What Are You Watching?

February 21, 2020

Some TV/movies from the road.

Western Stars – Bruce Springsteen.  I recommended the album a while back.  The cinematic film version is even better.  Live songs from his barn on his New Jersey farm – interspersed with dramatic footage of the West and The Boss himself in full narrative flow – love and loss, the passage of time, growing older and Family.  Vintage.  (Amazon Prime)

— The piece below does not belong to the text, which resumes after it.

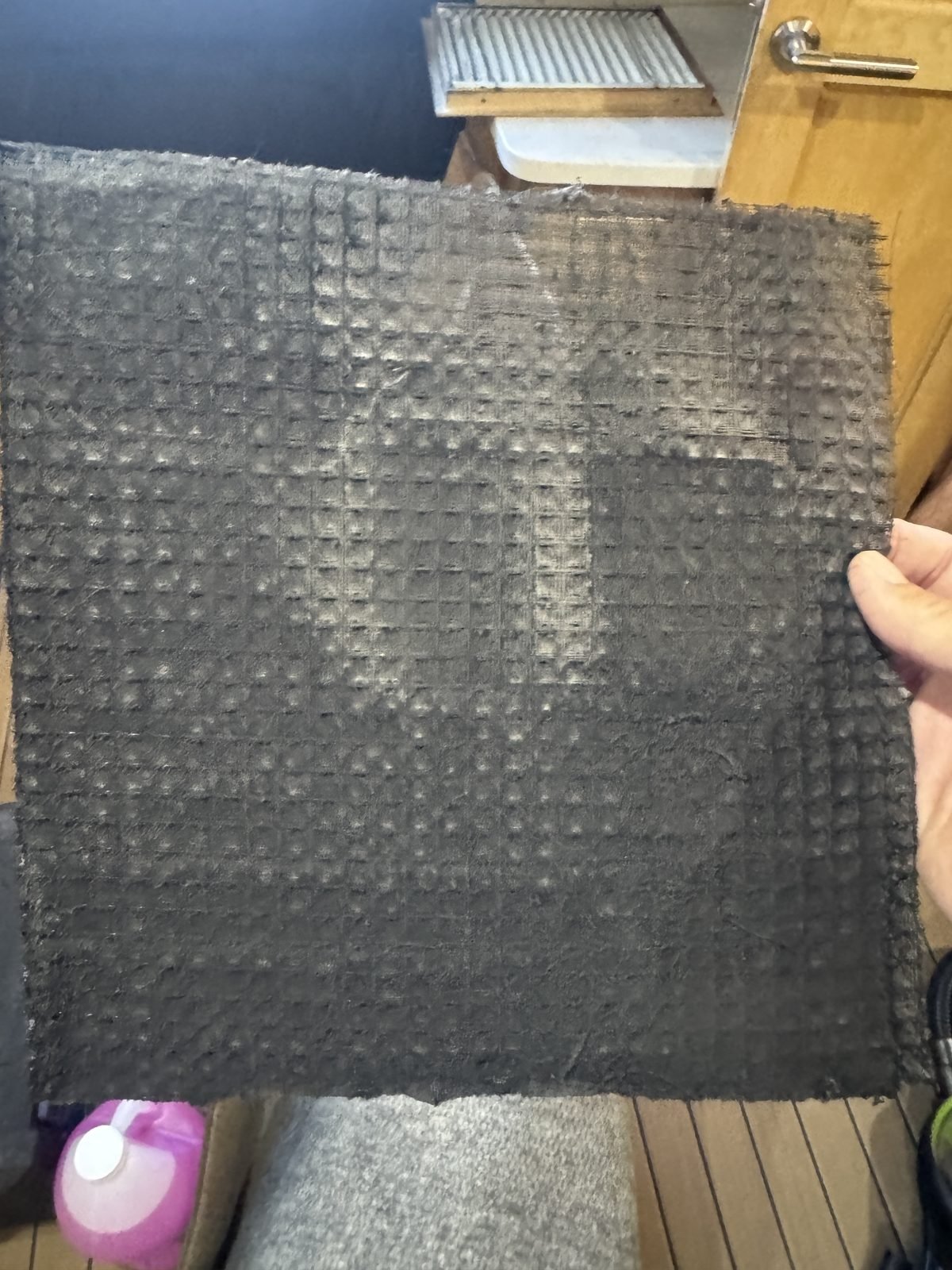 Fouled marine sea strainer basket pulled for cleaning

Escape at Dannemora – based on a real life 2015 story.  Brilliant seven part mini-series from Showtime – available on Amazon Prime.  Award winning performances from Patricia Arquette, and a tour de force from Benicio del Toro.  Outstanding work from Director Ben Stiller (who knew?!).  Slow, measured, intense, authentic.

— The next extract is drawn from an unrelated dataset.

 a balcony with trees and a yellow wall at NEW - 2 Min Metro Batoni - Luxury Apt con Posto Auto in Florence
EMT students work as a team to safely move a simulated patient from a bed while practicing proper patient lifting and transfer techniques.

Succession – OK, you’ve probably already seen this.  I’m deep into Series Two, courtesy of iTunes.  I don’t like any of the characters – oh, except for Greg, but that’s what makes it compelling.  Starts slow but picks up speed.

Wild District – I’ve just been to Colombia twice in as many months – to Cartagena, Medellin and Bogota – and got caught up in the history, the culture, the art, the struggle and the people.  Watched the two series of Wild District (Distrito Salvaje) – the reintegration (or not!) of a guerilla fighter following the Colombian Peace Agreements.  A charismatic character – JJ – looking to reconnect with his family whilst being pulled in all kinds of directions.  Fascinating.  (Netflix)

Giri/Haji – (Netflix).  Duty/Shame.  A BBC series just out – a soulful, complex thriller set in Tokyo and London exploring the butterfly effect of a single act across these two cities.  Dark, witty and cross-cultural in very innovative ways.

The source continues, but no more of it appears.